I have always thought that liberals have the easier worldview to maintain. Generally, a theological liberal (and some of this spills over into our political use of these terms) gets to say “yes” a lot more than a theological conservative. Whereas conservatives are interested in drawing and keeping historic boundaries, liberals are interested in fudging or erasing those same boundaries to make room for new ways or modes of thinking.

Conservatives are interested in maintaining things as they are (this is sometimes disparagingly referred to as “the status quo”), and they will find themselves “standing athwart history, yelling Stop, at a time when no one is inclined to do so, or to have much patience with those who so urge it” as William F. Buckley once wrote. Liberals often push for social change, for adopting new customs and re-reading old texts. This is how the Constitution becomes a “living document” and how the Bible’s original context is said to have no relevance to our own day.

So when an issue becomes pressing in our society and the church finds it can no longer remain silent, the liberals almost always say, “Yes”. They can always put themselves in position to be the “good guy” because they never tell anyone “No”. No one can accuse them of being for the status quo because they say “Yes” when the world says “Change”. Of course, they rationalize it with Bible stories and verses, but such rationalizations are cheap and easy if you want to justify your position. They almost always are able to claim the moral high ground (even if their moral views are at odds with the Bible) because they are the people for adaptation and they rarely tell anyone “No” when historic boundaries seek to be altered or changed.

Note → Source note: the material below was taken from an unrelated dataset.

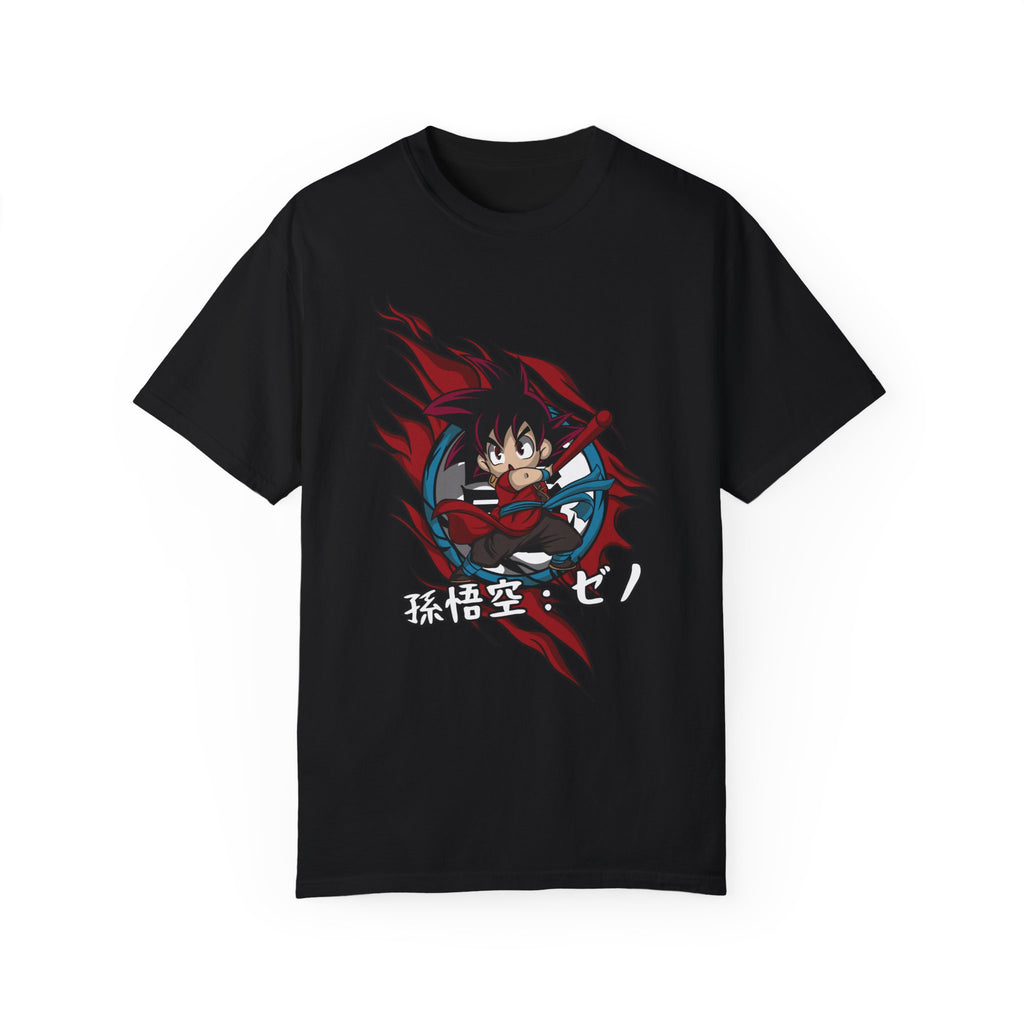 BraggerSwine Unisex Garment-Dyed T-Shirt - Baby Goku - Tee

So it seems to me that theological liberals have a great advantage. It doesn’t require a great deal of thought and they almost always get to be the “good guy” when the world comes a knocking. They always get to say “Yes,” and who wouldn’t prefer that answer to the alternative? Sure, it will lead to some changes that will probably be less than ideal, but no one will be able to question the liberals motives or good intentions.

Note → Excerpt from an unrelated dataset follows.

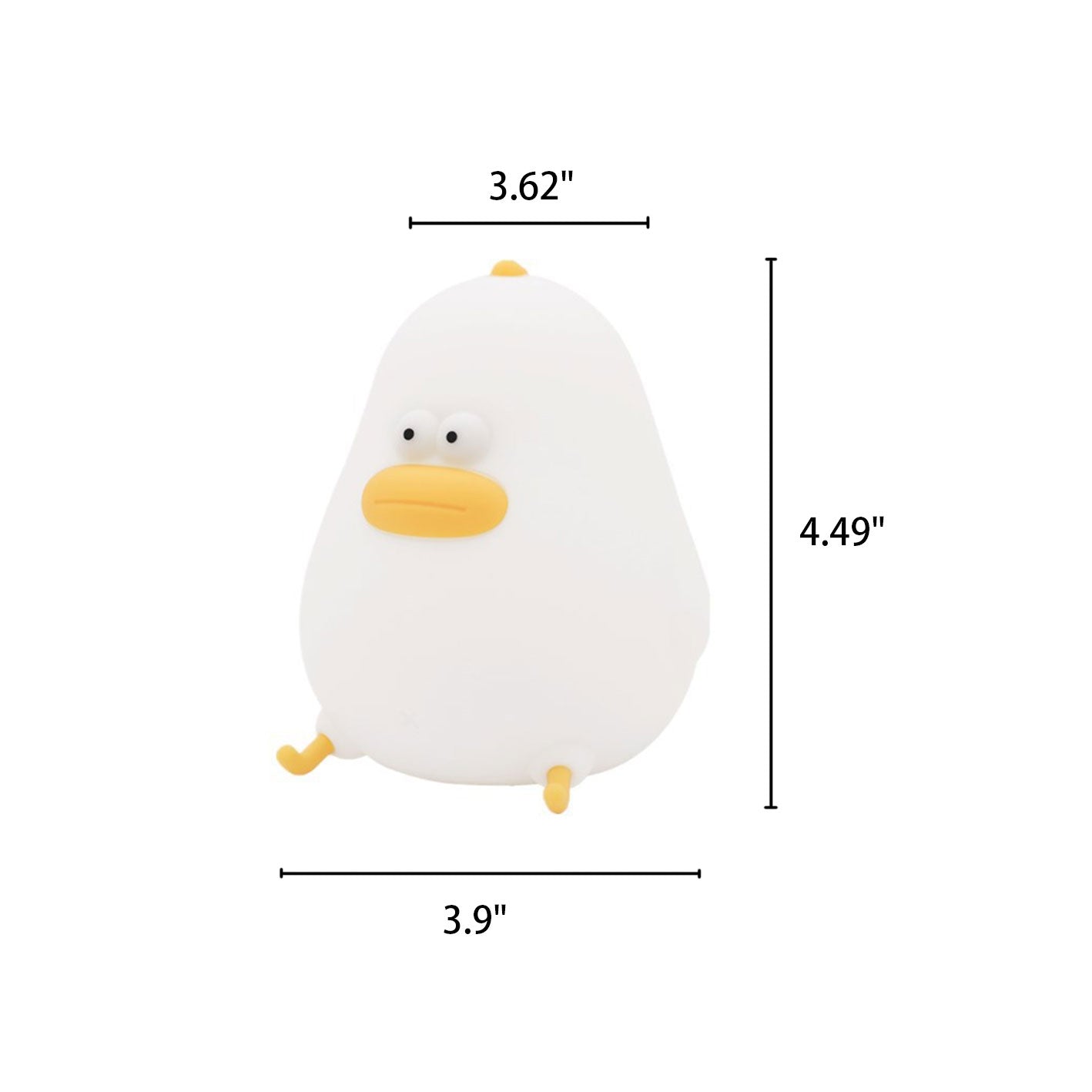 Cartoon LED Silicone Chick Night Light USB Table Lamp Cuvalon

Staunch conservatives, though, have an advantage of their own. They get to say “No”, also without a great deal of thought. Now, I’m not saying that every time anyone says “No,” it is always without thought. Sometimes, a lot of thought goes into an answer and it remains “No.” But just as theological liberals seem to have a knee-jerk reaction to say “Yes” when the world presses on, theological conservatives just as easily say “No.” They assume, with perhaps too much ease, that they know the Bible and the God of the Bible well enough to be in the right virtually all of the time. And when moral issues are also social and political issues, the conservative takes his moral certainty into those spheres with equal confidence.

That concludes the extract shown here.